O suspeito foi detido pela Polícia Judiciária (PJ) de Coimbra no passado dia 6 de janeiro.
O suspeito foi detido pela Polícia Judiciária (PJ) de Coimbra no passado dia 6 de janeiro.
De acordo com o Ministério Público de Leiria, “dos autos resulta indiciado que, na noite de 5 para 6 de janeiro de 2019, pelas 3h00 da madrugada, junto ao terminal rodoviário de Pedrógão Grande, o arguido aproximou-se da jovem ofendida que se deslocava a pé, colocou as suas mãos em volta do pescoço desta e asfixiou-a, até a mesma perder a consciência. De seguida, arrastou-a para um parque subterrâneo ali existente.

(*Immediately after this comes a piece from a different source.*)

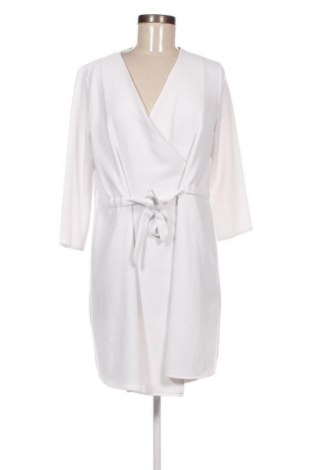 Kleid Kiomi, Größe M, Farbe Weiß, Preis 10,07 €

O arguido só não logrou concretizar os seus intentos - manter relações sexuais de cópula completa com aquela – face à intervenção de militares da GNR”.
Segundo
a Procuradoria da Comarca de Leiria, “após a elaboração de requerimento por
parte do Ministério Público, no dia 8 de janeiro de 2019, o arguido foi sujeito
a primeiro interrogatório judicial no Juízo Central de Instrução Criminal de
Leiria”.
“O arguido, de nacionalidade brasileira, encontra-se em situação irregular no nosso país”, diz a Procuradoria da Comarca de Leiria, segundo a qual “verificando-se a existência de perigo de continuação de atividade criminosa, perigo de perturbação da ordem e tranquilidade públicas e perigo de fuga, no primeiro interrogatório judicial, na sequência do requerido pelo Ministério Público, foi determinado que o arguido aguardasse os trâmites do processo sujeito, cumulativamente, às obrigações decorrentes do termo de identidade e residência (TIR) e em prisão preventiva, com a possibilidade desta medida ser substituída pela obrigação de permanência na habitação, com recurso de meios técnicos de controlo à distância (vigilância eletrónica)”.
A investigação prossegue sob direção do Ministério Público do Departamento de Investigação e Ação Penal de Leiria, com a coadjuvação da Polícia Judiciária (PJ) de Coimbra.